The end of October is the end of the Summer tourist season for our handmade business of soapmaking.
It is also the beginning of holiday madness as we and the temporary elves prepare orders to be shipped out until just a few days before Christmas. We’re not unusual. Many of us with seasonal businesses actually have many ‘seasons’ throughout the year, with different markets, customers, products, sales and workload. The end of one ‘season’ isn’t the end of the business year. It simply marks the next phase of business activity.
For our friends in the fiber world, their season is full speed ahead. Each October we are a vendor at the Southeastern Animal Fiber Fair outside of Asheville, North Carolina, now the third largest fiber event in the USA. Last weekend was actually our 11th year participating in the festival, which celebrates all the wool bearing animals (llamas, alpacas, cashmere goats, angora rabbits and every breed of sheep), their wool, and the spinners, dyers, and knitters of that wool.
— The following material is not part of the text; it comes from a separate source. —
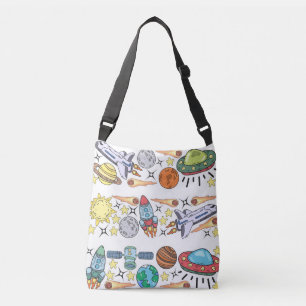 Outer Space: Hand-Drawn Vintage Doodles Crossbody Bag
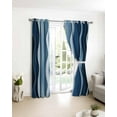 thumbnail image 4 of Fsddascl Abstract Blue Moire Blackout Curtains for Bedroom/Living Room, Thermal Insulated Kitchen Curtains, Gradient Coastal Ocean Geometric Waves Grommet Darkening Window Treatment Drapes 52"x84"x2, 4 of 8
An article I found this week on the seasonal business of knitting focuses on the seasonal aspects of the final product: those beautifully colored skeins of luxurious yarn sold in retail shops. But wool and fiber is not just a Fall and Winter business. It’s the other seasons of the year when fiber farmers continuously care for the animals that provide the wool ultimately shorn and spun. I can’t help but think of all their hard work – all year round – when I read about knitting as a seasonal business.
For farmers and rural business owners, the handmade fiber industry is a twelve-month devotion to duty.